Osama asks his groups “to rethink historical stereotypes. Many people might tend to think that the Mamelukes were the worst rulers of Egypt because they were not essentially Egyptians and because what is known about their palace feuds is much more than what is known about the disputes within the palaces of other dynasties,” Osama said.

“This narrative overlooks two important factors that are not so well-known,” which are that while the Mamelukes were of diverse origins they wished to be buried in Egypt “and built massive mausoleums” and that much of the enormous architectural wealth of Islamic Egypt comes from the rule of the Mamelukes.

Meanwhile, Osama said, while history tends to credit them with the construction of the Al-Azhar Mosque it overlooks the fact that it was the Fatimid rulers of Egypt who lost Jerusalem to the Crusaders.

“The Fatimid rulers were so engrossed with palace feuds that they put military leaders in charge of everything rather than attending to the external threat as they should have done,” he said.

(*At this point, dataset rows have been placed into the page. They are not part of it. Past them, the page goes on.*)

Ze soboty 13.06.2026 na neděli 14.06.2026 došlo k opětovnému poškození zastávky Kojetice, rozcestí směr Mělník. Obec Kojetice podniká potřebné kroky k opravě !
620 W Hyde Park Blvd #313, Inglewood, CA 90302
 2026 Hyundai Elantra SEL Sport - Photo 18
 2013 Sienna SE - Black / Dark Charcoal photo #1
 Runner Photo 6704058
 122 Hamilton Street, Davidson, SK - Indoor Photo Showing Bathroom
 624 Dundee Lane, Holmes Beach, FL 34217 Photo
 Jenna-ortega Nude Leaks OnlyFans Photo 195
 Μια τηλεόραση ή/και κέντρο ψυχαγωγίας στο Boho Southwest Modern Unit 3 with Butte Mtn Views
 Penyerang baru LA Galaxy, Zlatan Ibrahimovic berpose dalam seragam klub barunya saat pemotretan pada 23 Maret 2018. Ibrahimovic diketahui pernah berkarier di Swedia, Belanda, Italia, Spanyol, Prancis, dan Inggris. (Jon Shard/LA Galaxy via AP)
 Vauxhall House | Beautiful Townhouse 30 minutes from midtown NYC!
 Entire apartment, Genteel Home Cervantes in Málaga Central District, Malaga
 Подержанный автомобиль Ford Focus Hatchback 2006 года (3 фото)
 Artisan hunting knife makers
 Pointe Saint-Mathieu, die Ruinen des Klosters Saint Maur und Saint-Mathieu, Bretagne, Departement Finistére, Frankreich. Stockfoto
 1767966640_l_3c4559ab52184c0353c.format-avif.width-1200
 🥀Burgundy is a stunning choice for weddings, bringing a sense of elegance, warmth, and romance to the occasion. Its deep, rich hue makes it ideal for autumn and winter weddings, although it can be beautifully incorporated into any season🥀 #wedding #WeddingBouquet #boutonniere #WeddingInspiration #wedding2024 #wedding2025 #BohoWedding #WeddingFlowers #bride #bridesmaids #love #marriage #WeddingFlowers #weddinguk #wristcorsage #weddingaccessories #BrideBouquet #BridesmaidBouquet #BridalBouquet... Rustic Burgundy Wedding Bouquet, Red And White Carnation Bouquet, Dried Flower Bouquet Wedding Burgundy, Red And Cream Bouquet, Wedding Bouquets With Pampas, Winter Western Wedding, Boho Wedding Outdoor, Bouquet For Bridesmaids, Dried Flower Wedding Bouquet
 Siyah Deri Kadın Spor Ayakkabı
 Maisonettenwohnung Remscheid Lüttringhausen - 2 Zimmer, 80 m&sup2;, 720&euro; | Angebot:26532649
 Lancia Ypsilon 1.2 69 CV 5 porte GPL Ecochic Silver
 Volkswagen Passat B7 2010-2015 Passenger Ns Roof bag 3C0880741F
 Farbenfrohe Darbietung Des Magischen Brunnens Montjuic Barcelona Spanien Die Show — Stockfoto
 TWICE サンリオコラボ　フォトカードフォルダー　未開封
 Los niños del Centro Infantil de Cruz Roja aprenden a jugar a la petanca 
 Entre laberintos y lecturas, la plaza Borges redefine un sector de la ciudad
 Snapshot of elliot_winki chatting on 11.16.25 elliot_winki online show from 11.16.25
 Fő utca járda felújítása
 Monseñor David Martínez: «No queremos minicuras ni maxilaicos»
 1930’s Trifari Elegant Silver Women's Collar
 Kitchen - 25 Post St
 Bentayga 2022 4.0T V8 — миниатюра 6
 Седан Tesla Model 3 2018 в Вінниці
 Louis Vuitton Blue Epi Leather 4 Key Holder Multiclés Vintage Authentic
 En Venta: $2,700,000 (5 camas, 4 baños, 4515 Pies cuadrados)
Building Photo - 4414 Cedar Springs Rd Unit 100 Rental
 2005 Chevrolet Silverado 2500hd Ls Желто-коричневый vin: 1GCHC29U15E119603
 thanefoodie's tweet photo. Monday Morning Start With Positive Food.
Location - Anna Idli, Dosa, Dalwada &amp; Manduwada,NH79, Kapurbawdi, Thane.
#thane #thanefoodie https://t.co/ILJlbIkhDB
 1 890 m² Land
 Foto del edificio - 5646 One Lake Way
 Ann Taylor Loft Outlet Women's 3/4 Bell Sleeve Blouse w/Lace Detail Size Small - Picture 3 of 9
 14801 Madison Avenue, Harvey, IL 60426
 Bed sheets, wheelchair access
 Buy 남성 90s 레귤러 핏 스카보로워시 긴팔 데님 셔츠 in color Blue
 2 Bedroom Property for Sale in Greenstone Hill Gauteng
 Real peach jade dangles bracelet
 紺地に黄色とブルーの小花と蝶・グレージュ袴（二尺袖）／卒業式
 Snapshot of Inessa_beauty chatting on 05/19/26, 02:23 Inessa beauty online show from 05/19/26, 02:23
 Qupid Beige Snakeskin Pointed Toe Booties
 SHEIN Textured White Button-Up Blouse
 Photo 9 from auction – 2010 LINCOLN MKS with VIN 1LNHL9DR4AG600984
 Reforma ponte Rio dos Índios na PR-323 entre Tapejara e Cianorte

Because Egyptian cinema star Ahmed Mazhar played the role of Al-Zaher Baybars in a 1960s film (Wa Islamah) that tells the story of the defence of Egypt against the Mongols, people tend to think that Baybars was good looking.

Osama during one of his guided walks in Islamic Cairo photos courtesy of Youssef Osama

In fact, he had “a facial scar next to his right eye”.

Osama concluded that he would like to see “schools and universities in Egypt adopt a whole new approach to learning and teaching history.”

“We really need to get away from the limitations of the history books and encourage research methodology. Nobody can claim to have the ultimate truth about history, but the least we can do is to allow students and interested researchers to read alternative narratives,” he concluded.